In 51.5% of all cases (n = 103), there was evidence of formal assessment of family needs and/or preferences (including cultural needs), before patient death. This was statistically more likely for those aged under 65-years (66.7%, n = 28, p = 0.027) (Table 3). Clinician written entries detailed cultural and religious needs and requests associated with patient death, such as:

‘the patient must be buried within 24 hours of death due to cultural needs’ (Case 3-22, Age 65-years, Inpatient Palliative Care Unit).

Table 3.

Practices to assess and support family needs.

Entire sample (N = 200)
Under 65-years (n = 42)
65-years and over (n = 158)
p-Value (Chi-square)
n (%) n (%) n (%)
Before death
Assessment of family needs/preferences (including cultural needs)
 Yes 103 (51.5) 28 (66.7) 75 (47.5) 0.027
 No 97 (48.5) 14 (33.3) 83 (53.5)
Specialist palliative care
 Yes 109 (54.5) 17 (40.5) 92 (58.3) 0.040
 No/not documented 91 (45.5) 25 (59.5) 66 (41.8)
Pastoral care
 Yes 31 (15.5) 10 (23.8) 21 (13.3) 0.094
 No/not documented 169 (84.5) 32 (76.2) 137 (86.7)
Social work
 Yes 91 (45.5) 28 (66.7) 63 (39.9) 0.002
 No/not documented 109 (54.5) 14 (33.3) 95 (60.1)
Formal family meeting
 Yes 127 (63.5) 30 (71.4) 97 (61.4) 0.230
 No/not documented 73 (36.5) 12 (28.6) 61 (38.6)
After death
Cultural/religious needs supported and/or practices facilitated
 Yes 12 (6.0) 2 (4.8) 10 (6.3)
 No/not documented 188 (94.0) 40 (95.2) 148 (93.7)
Bereavement support
 Yes 29 (14.5) 9 (21.4) 20 (12.7) 0.151
 No/not documented 171 (85.5) 33 (8.6) 138 (87.4)

In another, a clinician entry described family’s request for religious needs to be facilitated:

‘. . .requesting 1 hour post death for cultural practices, monk coming in daily for 1-hour chanting’ (Case 3-36, Age 85-years, Inpatient Palliative Care Unit).

Medical record entries also specified family post-mortem needs such as:

‘. . .specific Jewish needs, not to touch body after death’ (Case 4-43, aged 93-years, General Medicine unit)

Formal family meetings were held in 63.5% (n = 127) of all cases.

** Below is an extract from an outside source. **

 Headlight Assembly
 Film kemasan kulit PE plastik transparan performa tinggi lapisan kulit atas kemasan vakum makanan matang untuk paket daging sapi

Yet medical record entries suggested meetings focussed on reaching treatment consensus rather than assessing or supporting family needs:

‘Family initially resistive to EOLC [end-of-life care] wanting active Tx [treatment], however upon further discussion were accepting of EOLC [end-of-life care]’ (Case 3-27, Aged 82-years, Inpatient Palliative Care).

When comparing those aged under 65-years and those aged 65-years and over, specialist palliative care were involved in 54.5% (n = 109) of all cases, and this was statistically more likely for people aged 65-years and over (58.3%, n = 92 p = 0.040). Pastoral care were involved in 15.5% (n = 31) and more so for people under 65-years, although not statistically significant. Social work were involved in 45.5% (n = 91) of cases overall, and this was statistically more likely for those aged under 65-years (66.7%, n = 28, p = 0.002) (Table 3).

When comparing rates of specialist palliative care, social work and pastoral care involvement across inpatient specialities, patients in intensive care were statistically least likely to have specialist palliative care personnel involved in their care (p < 0.001). Pastoral care involvement was statistically more common for those admitted to inpatient palliative care (p < 0.001) (Table 4). Social work personnel involvement was most common for those admitted to intensive care (p < 0.001). For example, social workers in the intensive care assessed family needs:

‘. . .family requesting help with respecting pt [patient] wishes of a private funeral but also allowing extended family and friends to mourn. SW [Social Work] assisted’ (Case 2-23, Aged 85-years, Intensive Care Unit).

Table 4.

Specialist palliative care, social work and pastoral care involvement.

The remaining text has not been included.